Pubdate: Wed, 11 Jan 2012
Source: Daily News, The (Newburyport, MA)
Copyright: 2012 Eagle Tribune Publishing Company
Author: Brian Messenger, Staff writer


All applicants for welfare programs in Massachusetts would have to
pass a drug test before receiving public assistance, under a reform
bill being developed by state Sen. Steven Baddour.

Welfare recipients would also be barred from using their
government-issued Electronic Benefit Transfer (EBT) cards at liquor
stores or anywhere outside the state.

Baddour is also pursuing a photo identification requirement for all
EBT cards and a cap on the amount of money that can be taken out using
the cards in a 24-hour period.

The measures are all part of the Methuen Democrat's attempt at
comprehensive welfare reform and could be tacked on to a bill Baddour
filed early last year at the start of the current legislative session.
Baddour said he'll look to file the additional drug-test requirement
and various EBT card restrictions in the coming weeks.

"We're trying to stop people from gaming the system," Baddour said
yesterday. "There are people who legitimately need a hand up in these
tough economic times. We're trying to protect these individuals and
trying to get at the people who abuse the system."

Under Baddour's proposal, every applicant for public assistance
through the Massachusetts Department of Transitional Assistance (DTA)
must first pay for and submit to a drug test.

The estimated cost of a drug test is $40. If the applicant passes the
test and is approved for welfare benefits, they will receive
reimbursement from the state.

But if the applicant fails the drug test, they will be barred from
receiving benefits for one year, or six months if they enter a drug
rehabilitation program.

Baddour said people do not have the right to use drugs and receive
public assistance.

"It's illegal to use drugs," said Baddour. "We're not trying to punish
people. We're trying to make the system accountable, and we're trying
to make people responsible for their actions.

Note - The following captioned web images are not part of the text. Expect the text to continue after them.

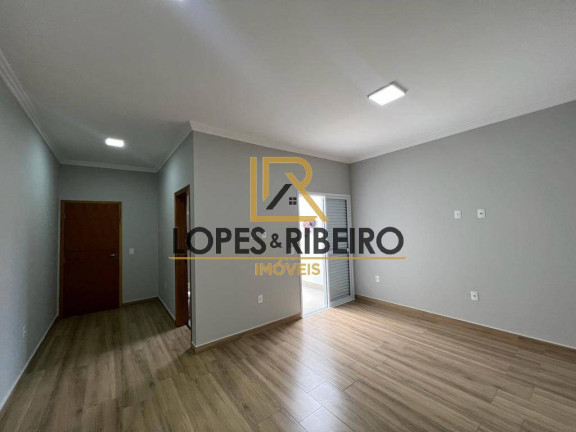 Imagem Casa com 3 Quartos à Venda, 157 m² em Jardim Ouro Verde - Botucatu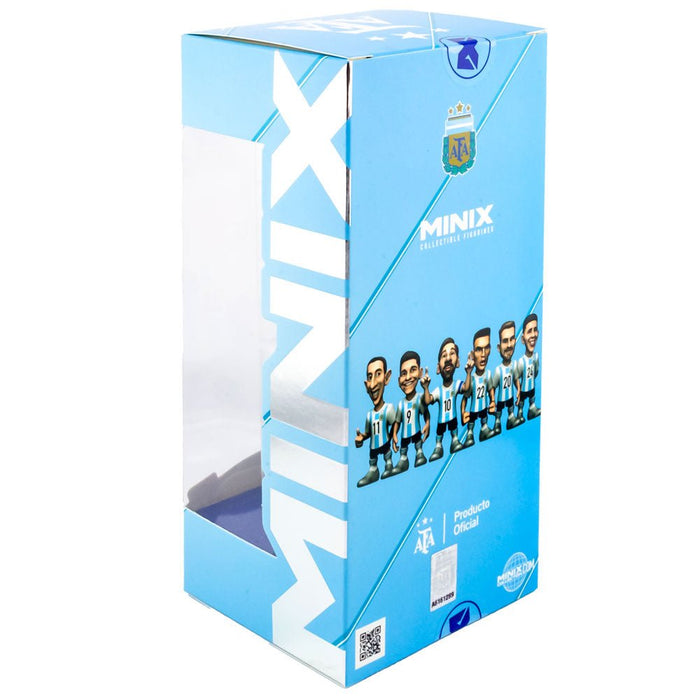 Argentina MINIX Figure 12cm Enzo - Excellent Pick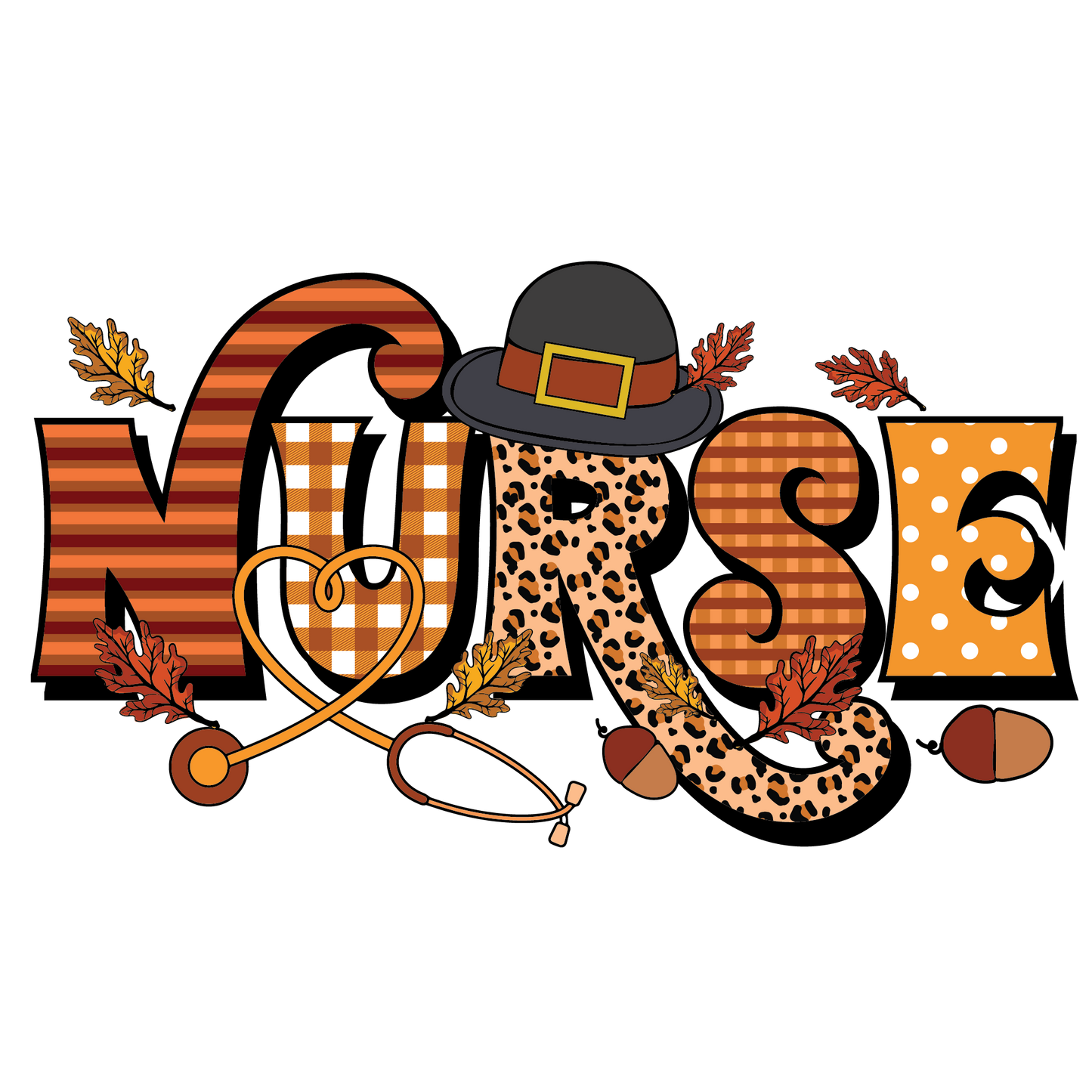 NURSE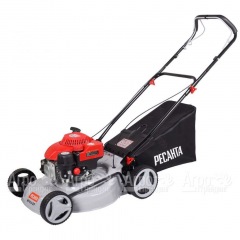 Газонокосилка бензиновая Ресанта КР-6.0 БТ в Краснодаре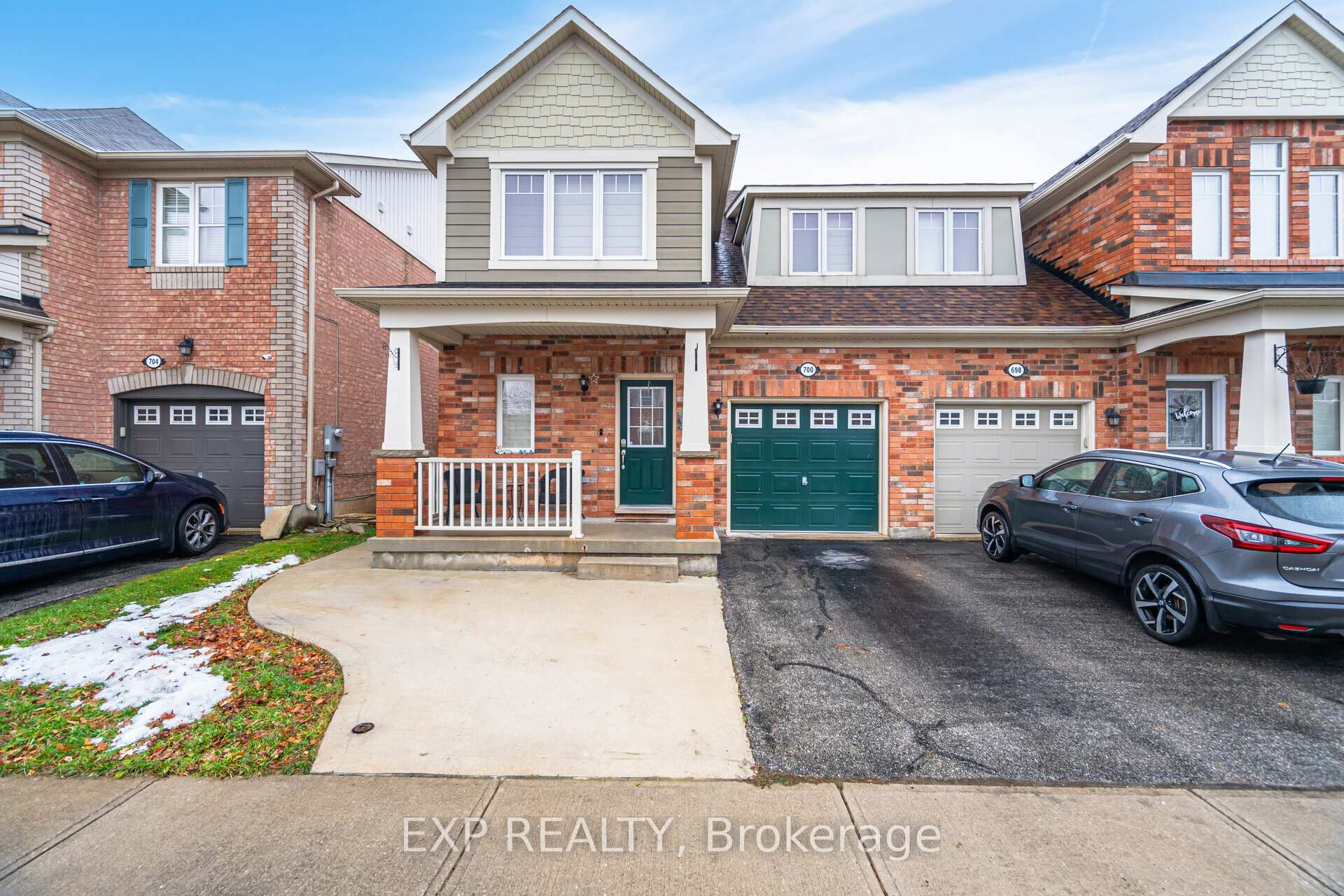 Photo 1 of 700 Speyer Circle, Milton, Harrison — HOMEH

"If you're on drugs, you need help. We're trying to give people the
help they need."

Furthermore, if an applicant reapplies for benefits but fails a second
drug test, they'll face a two-year benefit ban. To limit the impact on
children, family members of the parents who fail drug tests would be
allowed to apply for welfare benefits on the children's behalf.

Baddour said similar drug testing programs are used in Florida and
other states. He said it would be the first "well-being" criteria used
to screen welfare applicants in Massachusetts. Currently, Baddour said
the state only uses financial metrics to screen applicants.

The DTA serves one out of every eight people in Massachusetts and is
expected to spend about $650 million on welfare programs this year,
according to the department's website.

Though he believes most welfare recipients play by the rules, Baddour
said "there is fraud throughout the system."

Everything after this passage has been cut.